[Stored items]

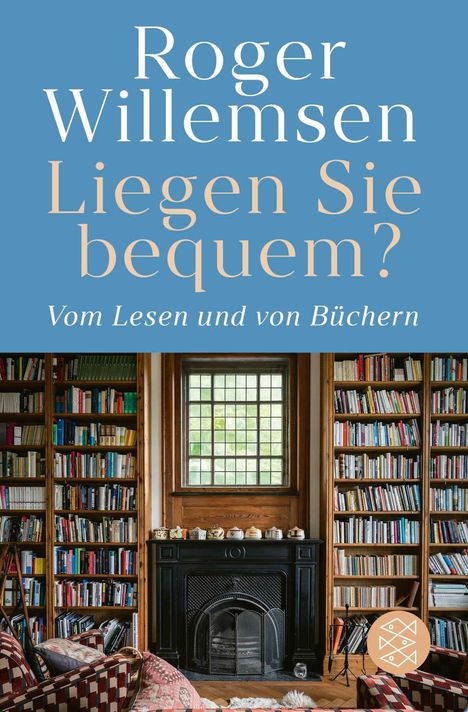 "Roger Willemsen. Liegen Sie bequem? Vom Lesen und von Büchern." Bücherregale umrahmen ein Fenster über einem Kamin.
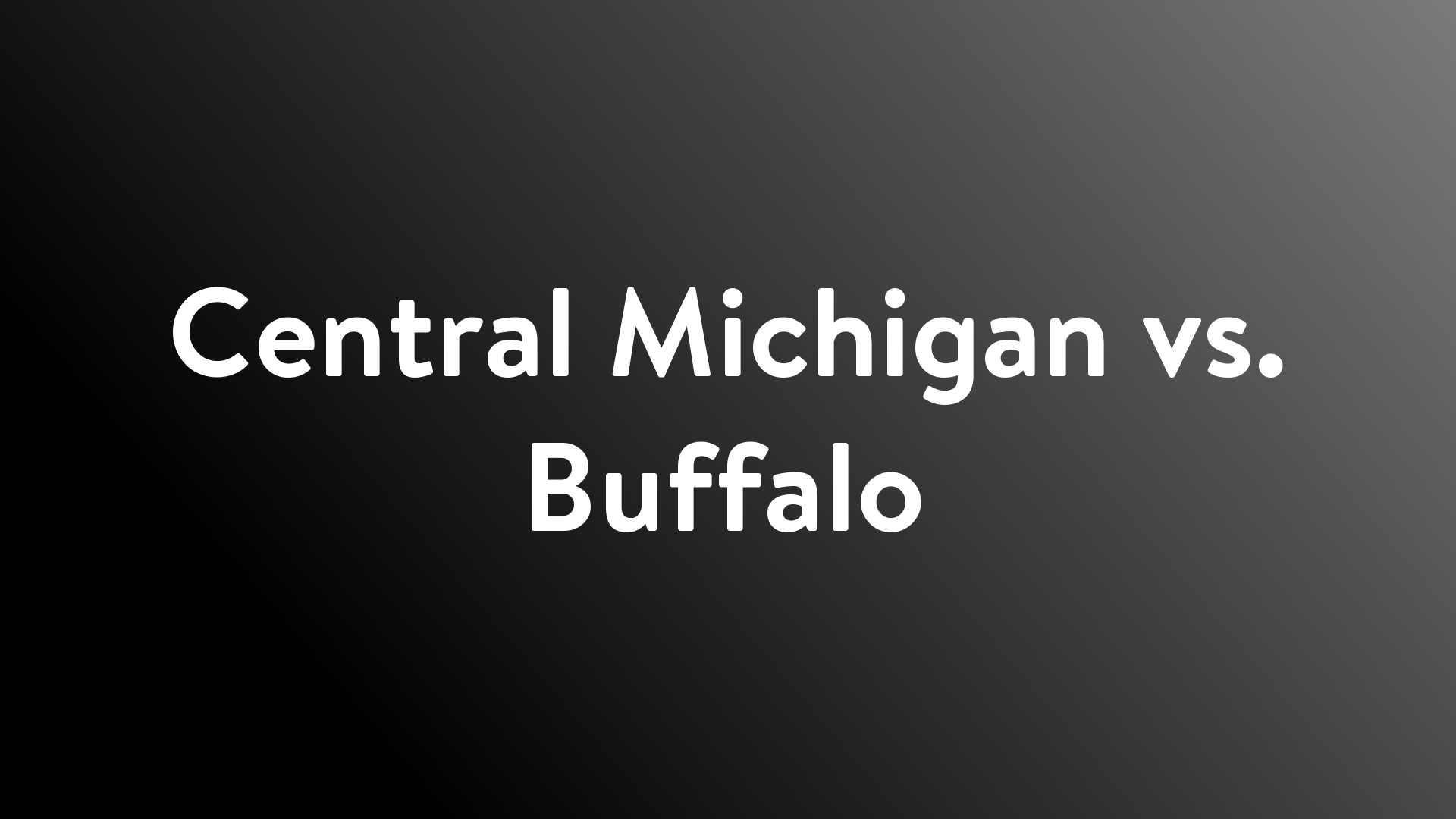 Live Central Michigan Vs Buffalo Streaming Online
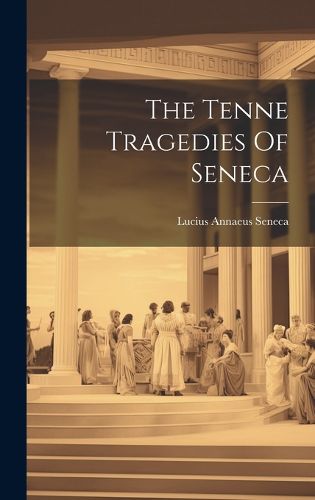 Cover image for The Tenne Tragedies Of Seneca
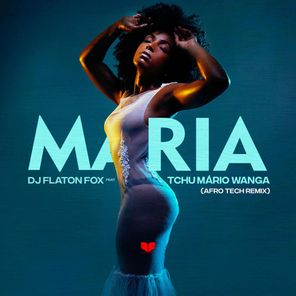 Maria (DJ Flaton Fox Afro Tech Remix)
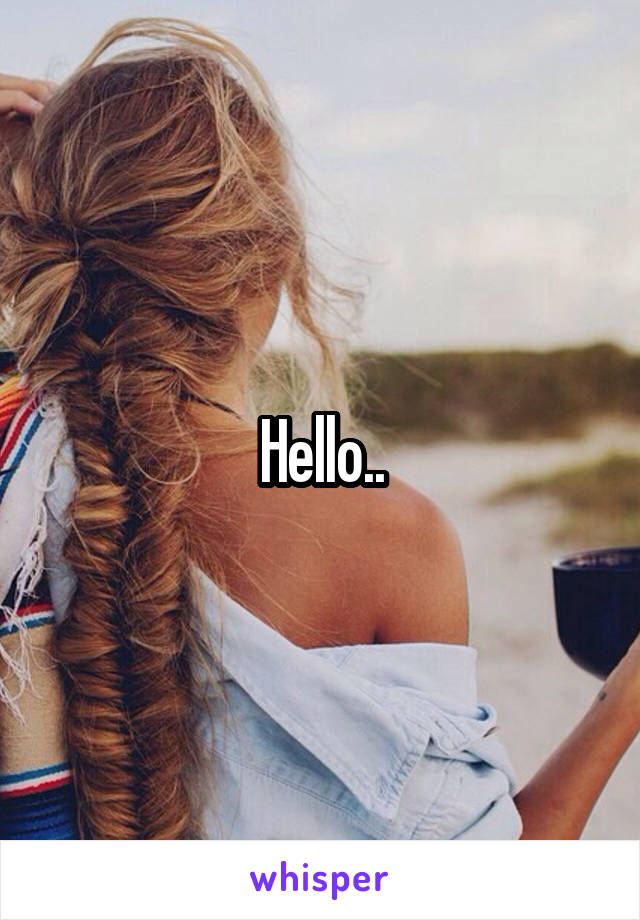 Hello..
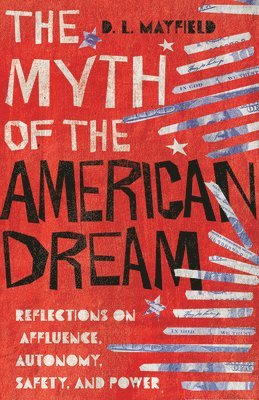 D. L. Mayfield - Myth of the American Dream – Reflections on Affluence, Autonomy, Safety, and Power, Inbunden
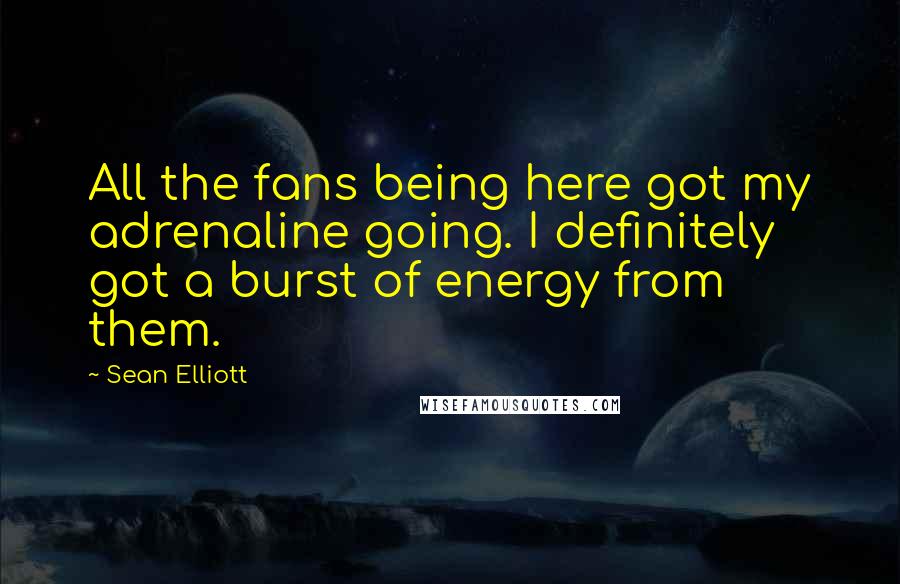 Sean Elliott Quotes: All the fans being here got my adrenaline going. I definitely got a burst of energy from them.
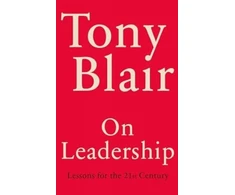 KNYGA Tony Blair On Leadership, Lessons for the 21st Century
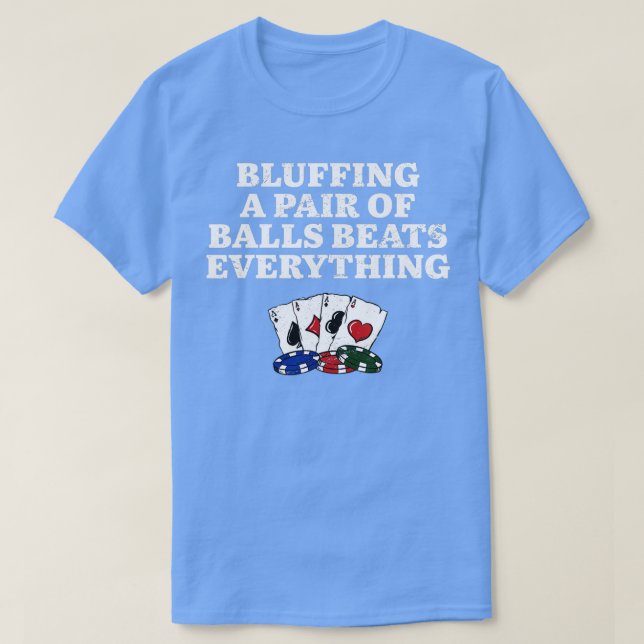 T-shirt Bluff Beats Tout Joueur Poker Jeu (Design devant)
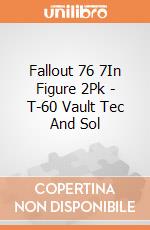 Fallout 76 7In Figure 2Pk - T-60 Vault Tec And Sol giochi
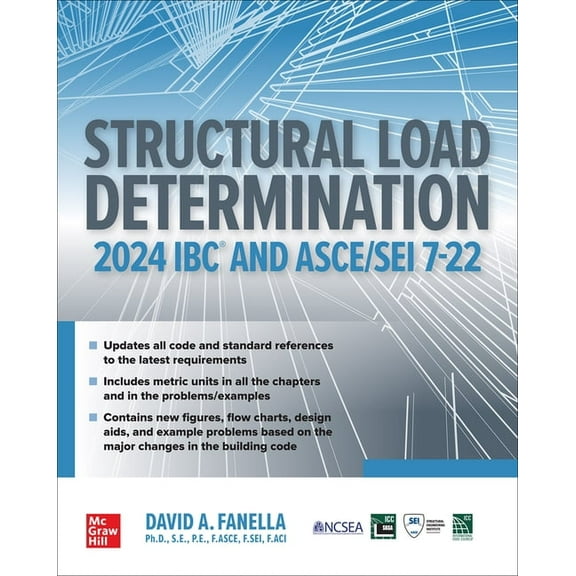Structural Load Determination: 2024 IBC and Asce/SEI 7-22, (Paperback)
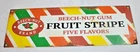 Vintage BEECH-NUT GUM FRUIT STRIPE Porcelain ENAMEL SIGN 6" HIGH BY 18" WIDE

*WORK INSTRUCTIONS:* Reproduce the lines from the one holding "Sean Elliott Quotes: All" through the end of the entries above exactly, keeping both ends and dropping every picture.

*TASK RESPONSE:*
 Sean Elliott Quotes: All the fans being here got my adrenaline going. I definitely got a burst of energy from them.
 KNYGA Tony Blair On Leadership, Lessons for the 21st Century
 T-shirt Bluff Beats Tout Joueur Poker Jeu (Design devant)
 Fallout 76 7In Figure 2Pk - T-60 Vault Tec And Sol giochi
Structural Load Determination: 2024 IBC and Asce/SEI 7-22, (Paperback)
 Vintage BEECH-NUT GUM FRUIT STRIPE Porcelain ENAMEL SIGN 6" HIGH BY 18" WIDE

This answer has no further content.